# Kontakt very slow loading times with certain libraries: SOLVED



## Raindog

I´m on a Mac currently using High Sierra as my system (but had the same problem with Sierra) and the newest Kontakt build and an SSD disk to store my sample libraries

When I load libraries which are Kontakt-Player libraries (meaning that they appear within the library window) loading times are normal. When I try to load larger libraries which are not Kontakt Player compatible, loading times are very very slow (I don´t recall when this problem started, but it was not the case with previous Kontakt Versions). When I Close the library and reload it, loading times are back to normal. Resaving or batch resaving didn´t help. It´s the same with the Kontakt plugin (within Logic X) or the standalone version.

Has anyone else seen this strange behaviour with different loading times dependant on the state of the library? This is definitely a problem as some projects now need about 10 minutes to load properly.
Best regards
Raindog


----------



## mac

If you give an example library or preset, and I have it here, I can see if mine performs the same (we're using similar setups).


----------



## EvilDragon

Don't use High Sierra just yet, if at all possible...

https://www.native-instruments.com/...path-missing-directories.322197/#post-1602319


----------



## Raindog

EvilDragon said:


> Don't use High Sierra just yet, if at all possible...
> 
> https://www.native-instruments.com/...path-missing-directories.322197/#post-1602319



The problem was already existent with Sierra, so I guess it´s not (or not completely) related to High Sierra.
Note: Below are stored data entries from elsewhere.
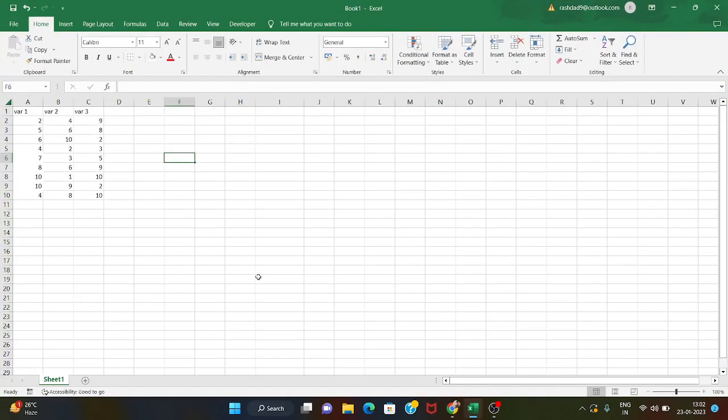Welcome to the Python YouTube channel. This is how we will do formatting and conditional formatting.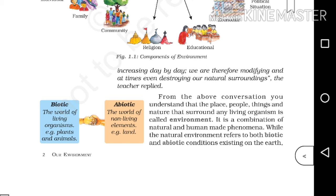Two important terms are given here. Biotic refers to the world of living organisms — example: plants and animals. Abiotic refers to the world of non-living elements — example: land. Questions like 'What is biotic?', 'What is abiotic?', or 'Give the difference between biotic and abiotic?' — the answers are: biotic is the world of living organisms, and abiotic is the world of non-living elements.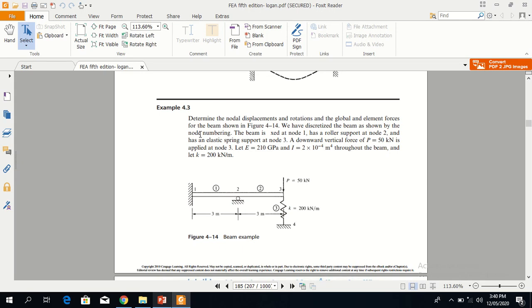In example 4.3, we have to determine nodal displacements, rotations, global and elemental forces for this beam. The beam has two elements and three nodes. The third element is a spring element with two nodes, three and four. A load is applied at node 3 which is equal to 50 kilonewton, and a roller support is provided at node 2.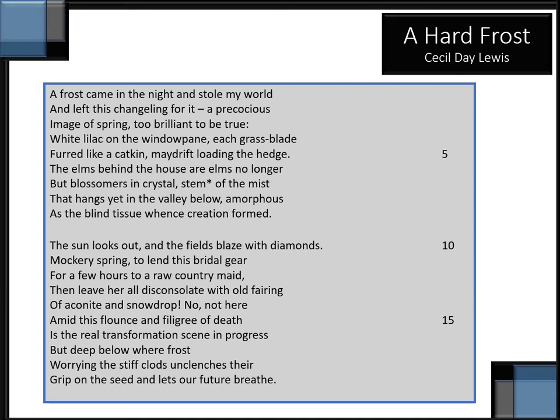No, not here amid this flounce and filigree of death is the real transformation seen in progress, but deep below where frost worrying the stiff clots unclenches their grip on the seed and lets our future breathe.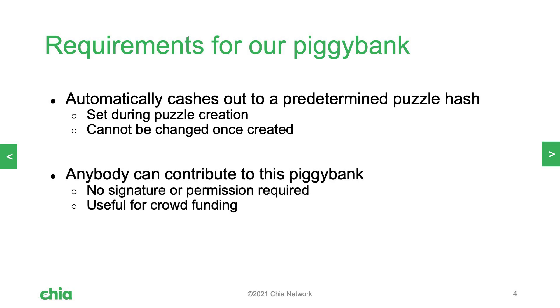I also decided that I'm going to allow anybody to contribute to our piggy bank if they like, regardless of whether or not they have a valid signature. This is a very cool example of how coins can enforce their own rules without really caring about who is spending them.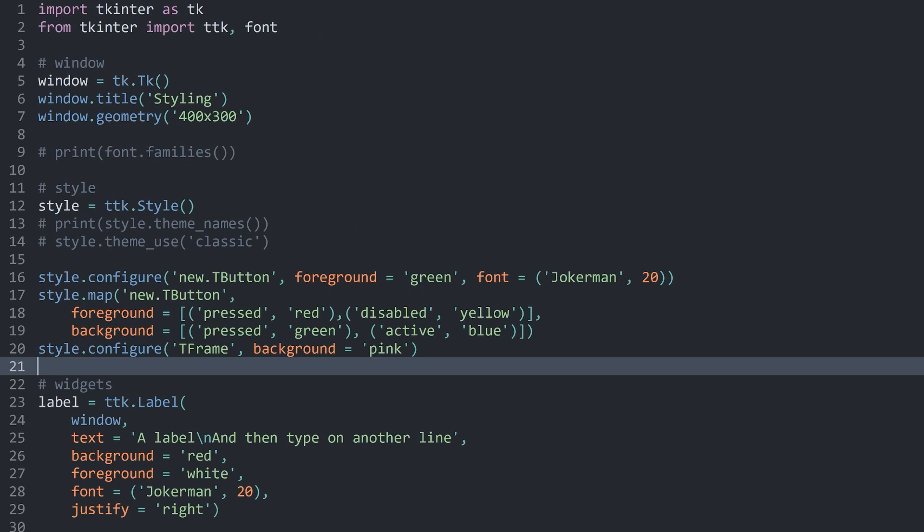With that, we have covered the inbuilt styling methods for Tkinter. This video is already getting a tiny bit longer, so let's finish it here. For the next video, we are going to cover different kinds of themes.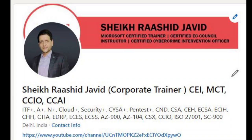Hello guys, good morning. I'm happy to come up with another video on CompTIA A+ 220-1101 Core One exam. My name is Sheikh Rashad Chaved, I work as a corporate trainer. I am a certified EC-Council instructor, Microsoft Certified Trainer, Cybercrime Intervention Officer, with almost 20+ global certifications related to network security and cloud.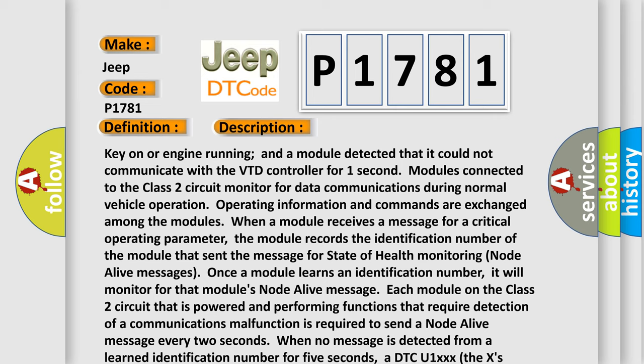When no message is detected from a learned identification number for five seconds, a DTC U1-XXX (the X's identify the three-digit identification number) is set.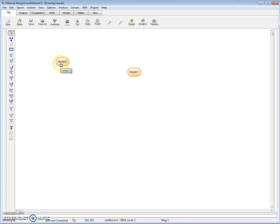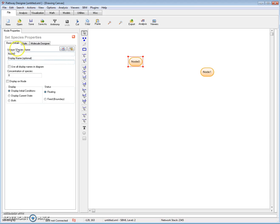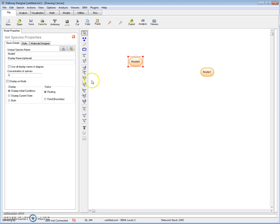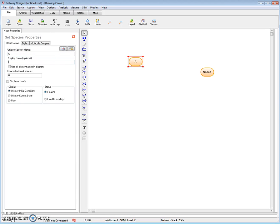If I double click on one of them, it will bring up the design panel. And here I can actually rename it to A. This is now node A.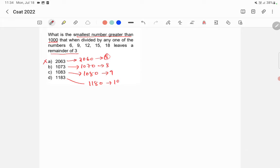Here in the second option, 8 is again not divisible by 9. So 1070 is not divisible by 9. So option B is also wrong.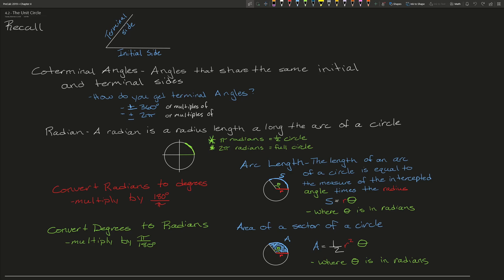In this video, we will be talking about unit circle trigonometry. Before we get there, we need to recall a couple of things. The first is basic terminology in reference to an angle and its parts. There are two parts of an angle we need to know: the first is the initial side, which is the original ray of an angle. The second is the terminal side, which is that original ray rotated some number of degrees or radians up or down.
I have had no issues with High Sierra so far besides some relicensing issues with my Korg plugins. The SSD performs well. It´s the strange behaviour that Player-compatible libraries load much much faster than Non-Player-compatible libraries though they reside on the same disk. Strange but that´s the way it is. I googled and found several Posts with the same issue though I couldn´t find if there is a solution.
Best regards
Raindog


----------



## Raindog

mac said:


> If you give an example library or preset, and I have it here, I can see if mine performs the same (we're using similar setups).
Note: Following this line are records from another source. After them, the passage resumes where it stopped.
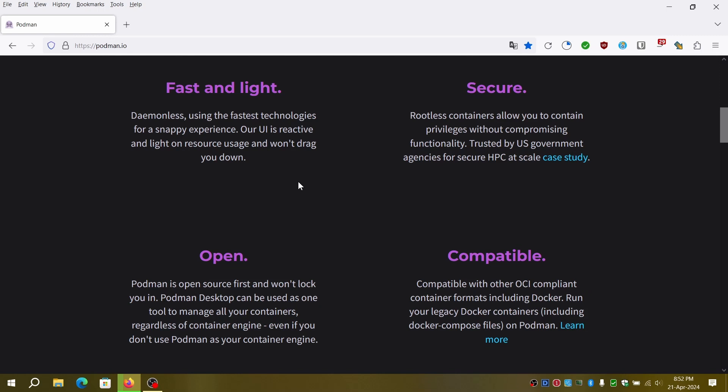It provides a similar user experience and command-line interface to Docker. It supports both containerized and pod-based workloads. Pods in Podman allow grouping and managing related containers together similar to Kubernetes pods.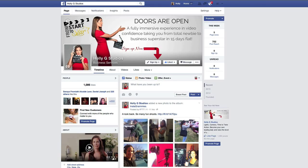Welcome, Holly G here, your go-to video gal, and this is episode one of Behind the Slate. I'm going to be showing you how to add a custom thumbnail to your Facebook videos.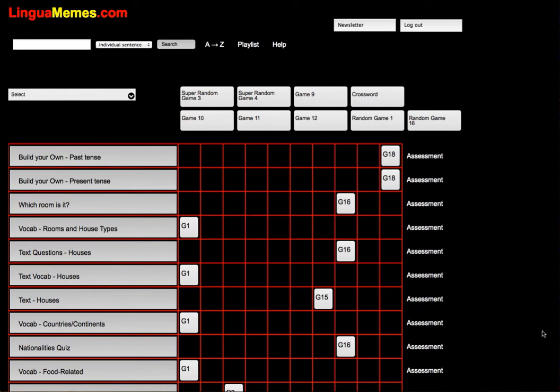Hello, this is LinguaMemes for learning Spanish. This is for the premium account and I'm just going to look at what we call game 18.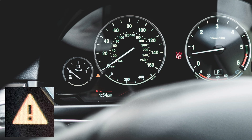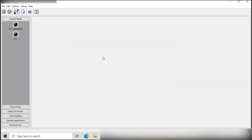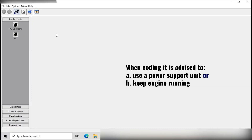We are coding out the warning for the high beam after installing an LED on the high beam. I am getting a bulb out warning so I am trying to code out that warning. Let's see what we can do.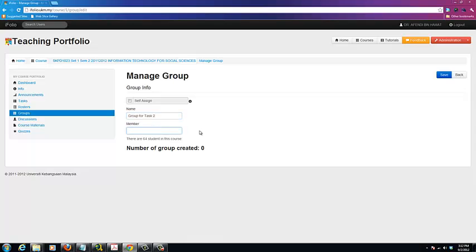Lastly, decide on the number of members per group. You can base your decision on the number of students available in your courses as displayed on the screen.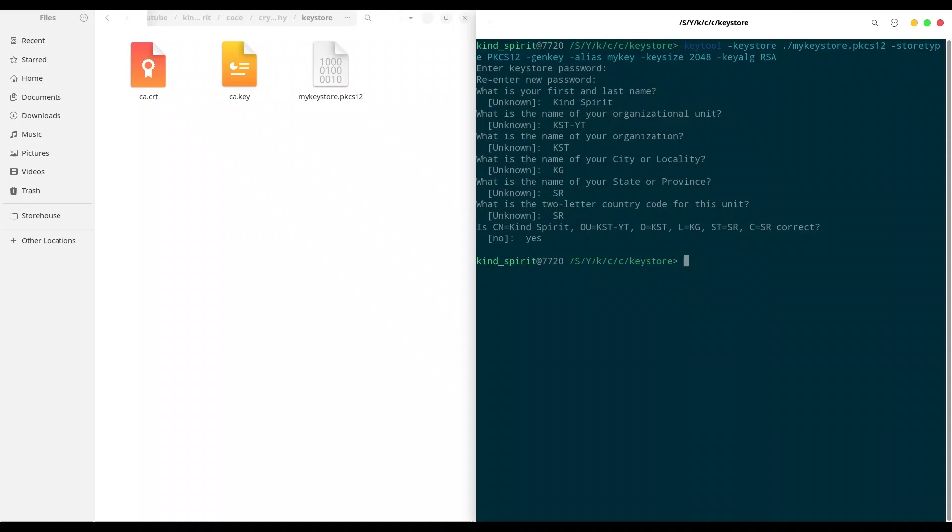Now when I have my key, I'm going to create a certificate request. Password, of course.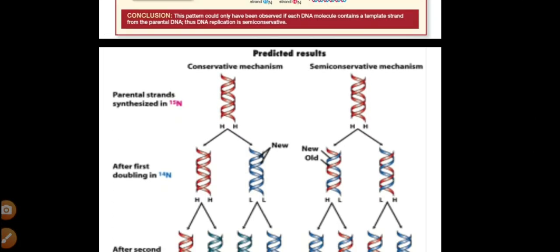Looking at this slide: the parental strands were synthesized in N15. In the conservative mechanism, after the first replication, both daughter molecules have N15. In the conservative method, one molecule is completely old DNA and the other is completely new DNA. Whereas in the semi-conservative method, the parental DNA's two strands each act as a template. The two newly forming daughter molecules are each composed of one old strand and one new strand — one old and one new, one old and one new. This is the semi-conservative method.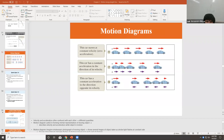Good afternoon guys. This is the second part of the Chapter 2 video lecture. On the last video I finished proving the equations of motion for constant acceleration. The idea today is to do some examples and problems, and the next video I will be going over the web assign.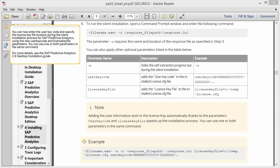You can now enter the user key code and specify the license key file location during the silent installation process for SAP Predictive Analytics using the new user key code and license key file parameters. You can use one or both parameters in the same command. For more details, see the SAP Predictive Analytics 2.4 Desktop Installation Guide.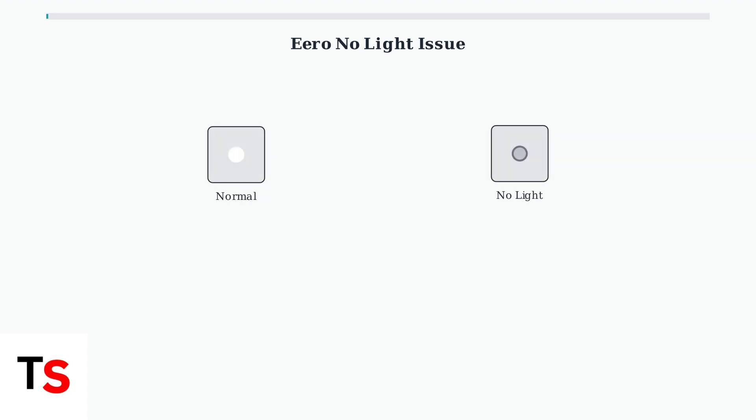First, let's understand what this means. A normal Eero device displays a solid white light during operation, while no light indicates a power issue.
The slow loading happens for the MadDrum instruments (as an example). The Drumasonic library of similar size (but Player-compatible) loads with normal Speed.
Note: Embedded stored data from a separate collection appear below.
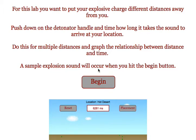In this simulation, students will be able to simulate the delay that occurs between the production of a sound and the arrival of the sound at their location. Students should be familiar with this phenomenon from watching fireworks or from thunder and lightning.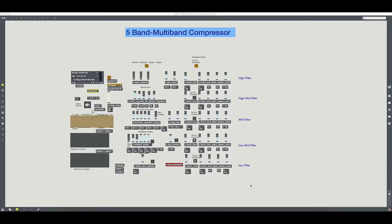Max MSP Multiband Compressor. Multiband compressors are really a collection of several individual compressors, typically between 3 and 5, strapped together for use as a single unit. The frequency ranges are divided by a crossover.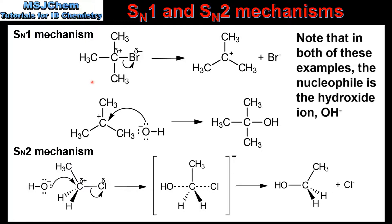The SN1 mechanism is a two-step mechanism. In the first step the bond between the carbon atom and the halogen undergoes heterolytic bond fission, which results in the formation of a carbocation intermediate, which we can see here on the right. In the second step the nucleophile reacts with the carbocation to form the product.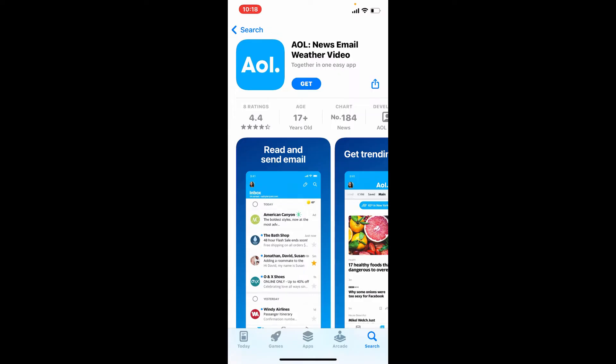The AOL Mail application will now begin its download — wait until it finishes. The AOL Mail app gives you access to all of the best of AOL, including mail, innovative features, and settings. With the application installed on your mobile device, you'll be able to add accounts, send mail.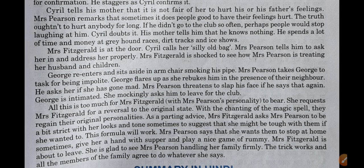Now Mrs. Fitzgerald is Mrs. Fitzgerald again and Mrs. Pearson is Mrs. Pearson. Mrs. Fitzgerald tells Mrs. Pearson that she has taught a lesson to her family and advises: don't be rude, but don't be timid either — this formula will work. Mrs. Pearson says she wants them to stop at home sometimes, give her a hand with supper and play a nice game of rummy. The trick works and all members of the family agree to do whatever she says. Mrs. Pearson taught a lesson to her family members who were cold towards her and did not consider her feelings.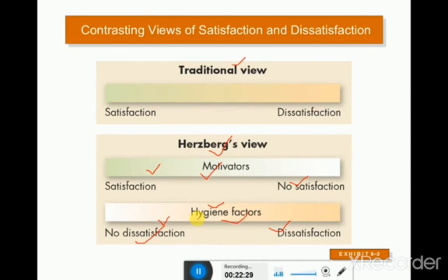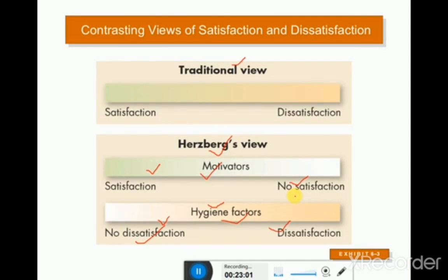To summarize Herzberg's view: hygiene factors maintain and prevent dissatisfaction, while motivator factors — the intrinsic factors — create real satisfaction. If motivator factors are available in the organization, the employee will be extremely satisfied. If they are not available, the employee will be not satisfied. Hope inshallah the idea of Herzberg's two-factor theory is now clear.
I have to check, if the libraries affected use ncw-compression or not. This could be something I haven´t thought of so far.

Best regards
Raindog


----------



## EvilDragon

NCW compression has not much to do with load time... however KP libraries being monolithed in a few big files as opposed to thousands of smaller times could have some influence, although they should be pretty marginal with SSDs...

No such troubles over here on W10


----------



## Raindog

EvilDragon said:


> NCW compression has not much to do with load time... however KP libraries being monolithed in a few big files as opposed to thousands of smaller times could have some influence, although they should be pretty marginal with SSDs...
> 
> No such troubles over here on W10



Thanks for claryfying the NCW-compression issue. Yes, maybe it´s a Mac specific problem. Sometimes you loose, sometimes you WIN 
Best regards
Raindog


----------



## mac

Sorry, I don't have those. Any others?


----------



## geronimo

mac said:


> Sorry, I don't have those. Any others?


Same situation with Soniccouture Electro-Acoustic _


----------



## Raindog

mac said:


> Sorry, I don't have those. Any others?



I´ll check once I´m home this evening
Best regards
Raindog


----------



## Raindog

Tried different libraries. There is no system, at least none I´m aware of. Some of the slow loading libraries have samples in wav. format, some are ncw-compressed. Another example that does load extremely slow are all the drums from Wavesfactory or all the instruments of Kirk Hunter. There is definitely something wrong with Kontakt and Mac OS.
Regards
Raindog


----------



## henrik242

I had a similar issue with a library I'm working on. In my case it appeared to be related to the Math library from Big Bob. I extracted just the functions I needed for my purpose, and after this the NKI was ready instantly. 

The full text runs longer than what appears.